WHAT IS BEING ASKED: Once you find the line with "USO DE ESTEROIDES SI TIENES MÁS DE 40 AÑOS" in the data below, transcribe exactly each line from there to the line with "생동감 넘치는 에너지…'넥스지'다움 그 자체 [화보]", inclusive, and nothing else. Drop the pictures.
---- DATA SUPPLIED
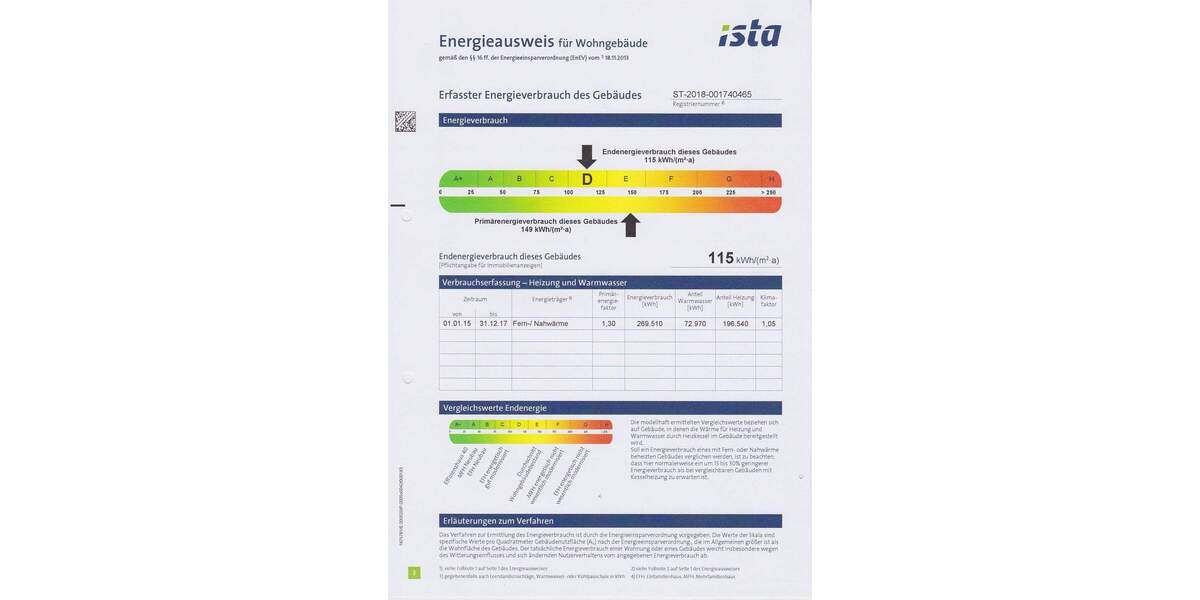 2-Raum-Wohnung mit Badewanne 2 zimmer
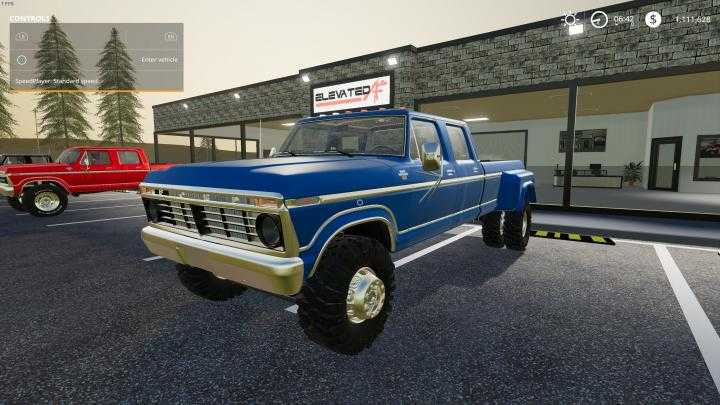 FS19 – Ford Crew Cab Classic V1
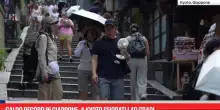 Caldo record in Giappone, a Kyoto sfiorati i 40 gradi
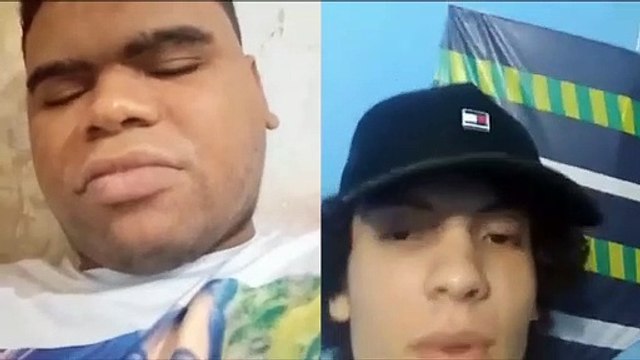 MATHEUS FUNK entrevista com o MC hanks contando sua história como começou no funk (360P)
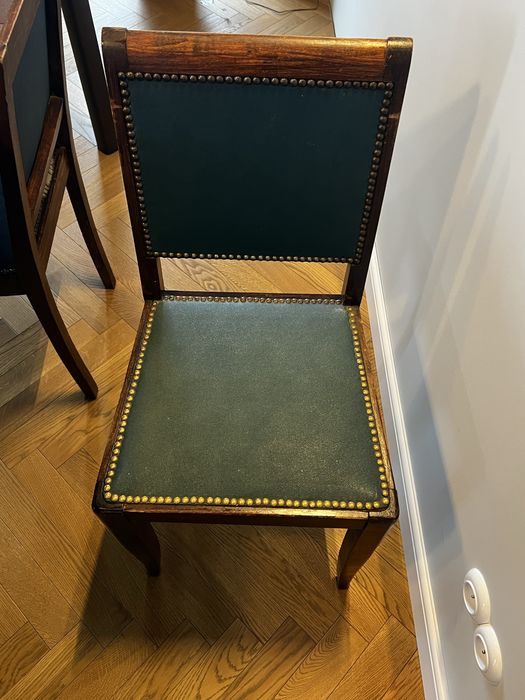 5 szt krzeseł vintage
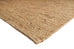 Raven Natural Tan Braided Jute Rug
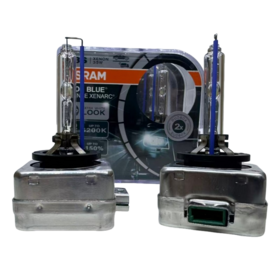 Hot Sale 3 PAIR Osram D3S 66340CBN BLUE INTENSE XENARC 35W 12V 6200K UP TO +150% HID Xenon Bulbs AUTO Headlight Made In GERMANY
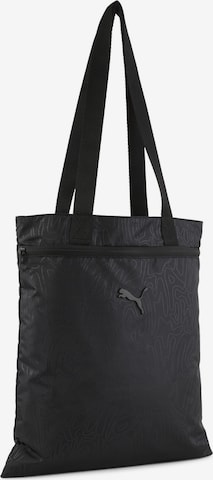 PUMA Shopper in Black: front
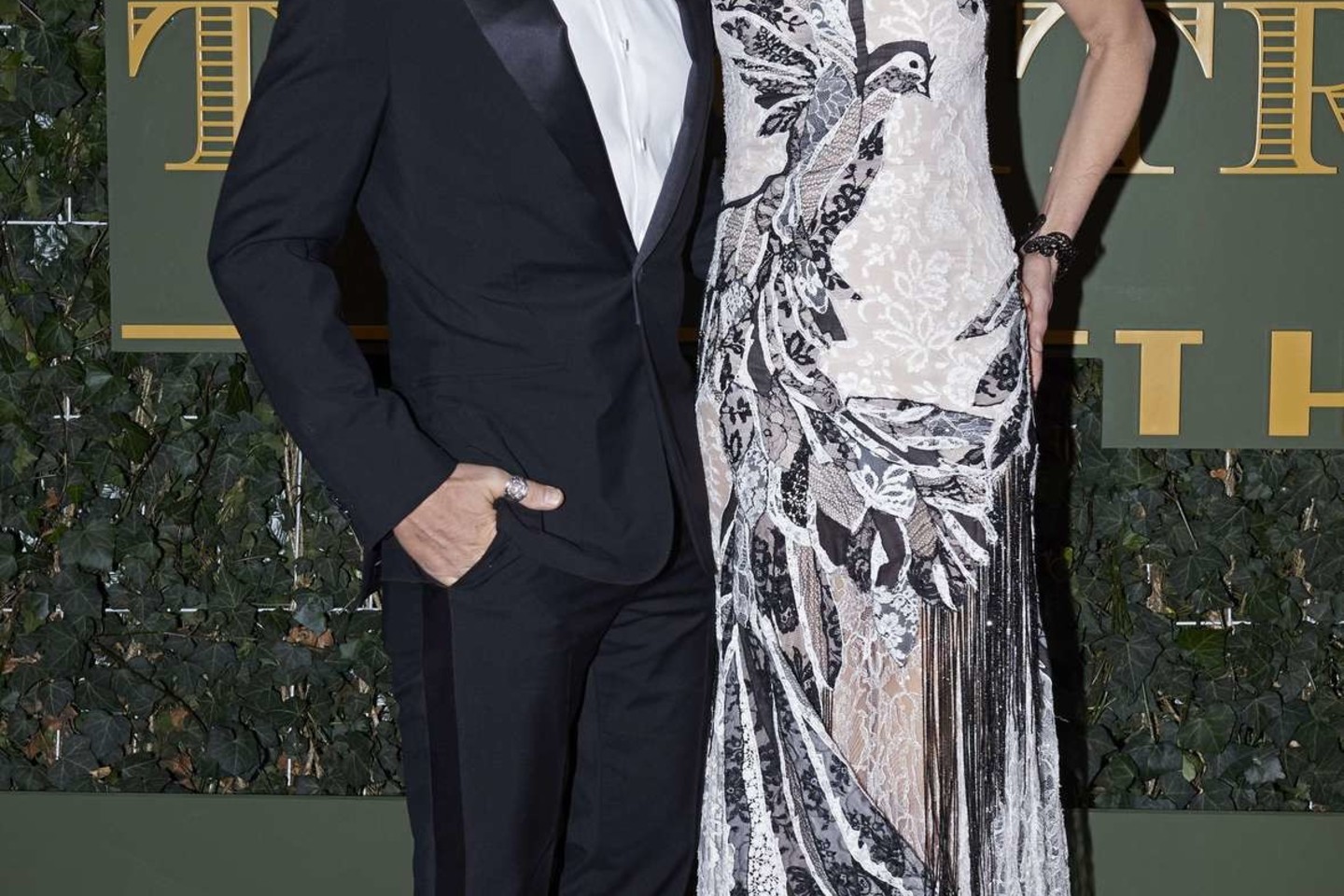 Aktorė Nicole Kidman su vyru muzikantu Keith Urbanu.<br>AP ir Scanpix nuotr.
--------
---- DATA SUPPLIED
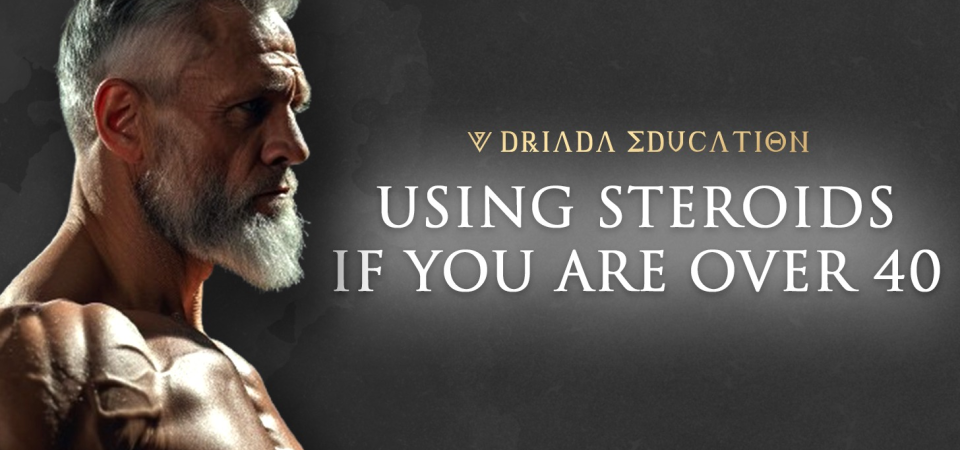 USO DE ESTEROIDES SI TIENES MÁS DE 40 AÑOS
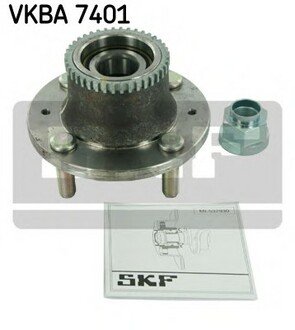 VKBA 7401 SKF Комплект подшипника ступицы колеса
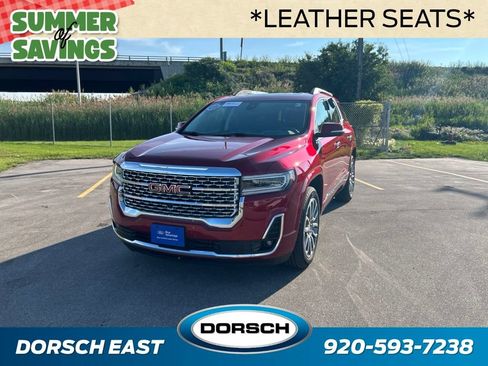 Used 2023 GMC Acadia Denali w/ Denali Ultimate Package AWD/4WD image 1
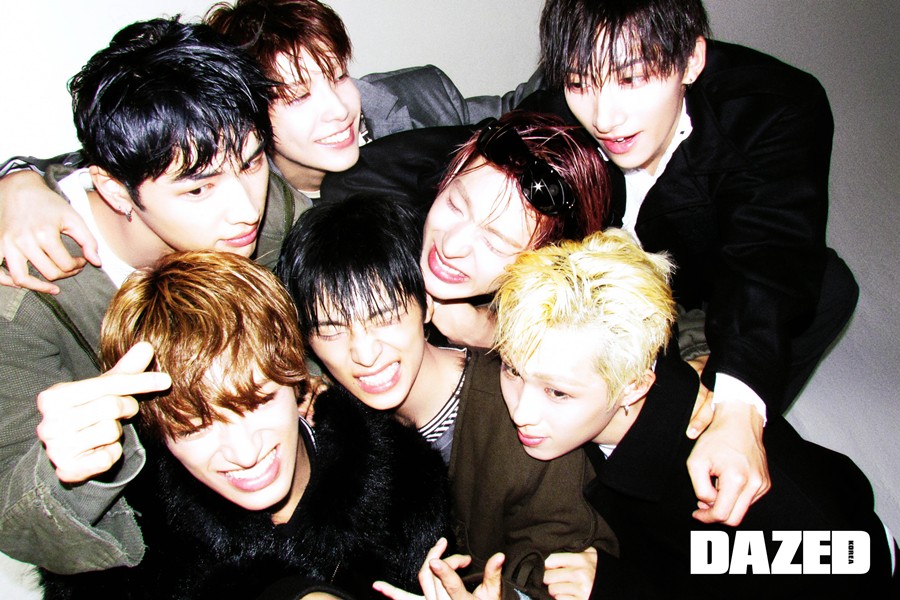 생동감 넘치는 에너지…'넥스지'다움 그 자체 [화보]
--------
EXPECTED ANSWER:
 USO DE ESTEROIDES SI TIENES MÁS DE 40 AÑOS
 VKBA 7401 SKF Комплект подшипника ступицы колеса
 Used 2023 GMC Acadia Denali w/ Denali Ultimate Package AWD/4WD image 1
 생동감 넘치는 에너지…'넥스지'다움 그 자체 [화보]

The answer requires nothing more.